It has been seven days in Athens, and the experience is somewhat like eating an exotic fruit for the first time. Its surface beauty is striking but bite into it to discover the real content. Our task, as six student journalists from Princeton, New Jersey, is to get to the core of the city in five weeks.

On day one, I was picked up from the airport by the soft-spoken middle-aged Mr. Panayiotis, and we walked together into the blistering Athenian heat. It took me about 30 seconds to realize that he was soft-spoken because he could understand only a smattering of English words, and didn’t like trying. But he loaded me and my suitcase into the little taxi and we zoomed inland in silence on a dusty, near-empty highway with a stunning overlook of the white city below.

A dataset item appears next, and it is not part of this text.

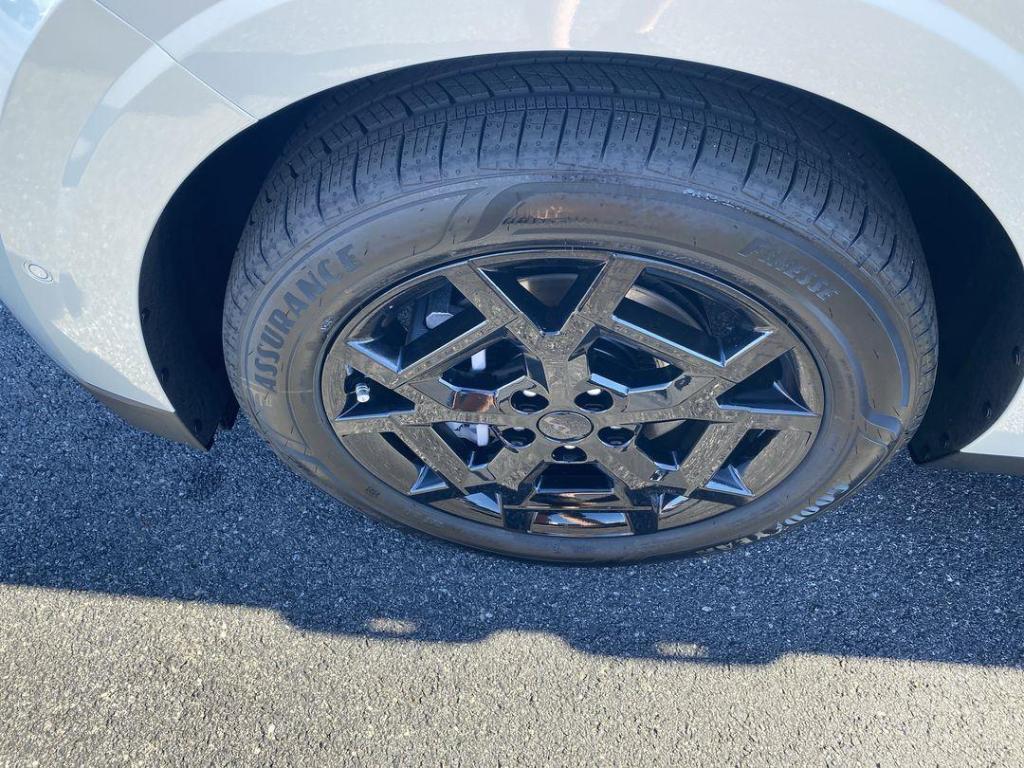 new 2026 Kia Carnival Hybrid car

whitecityoutlook The city of Athens.

It was midday, and the streets were empty. The heat had driven people into apartments and cafes and even beyond the city limits to the beaches and islands. The buildings, stuccoed and whitewashed, were maddeningly reflective. The sun felt different here– not just hotter, but bigger. Closer. Brighter. The cars were reflective, too. Most are gray, white, or yellow, managing to invoke the colors of the sky and the asphalt together. “Dingy” and “garish” are adjectives that came to mind. But lift your eyes and there is the glistening Acropolis.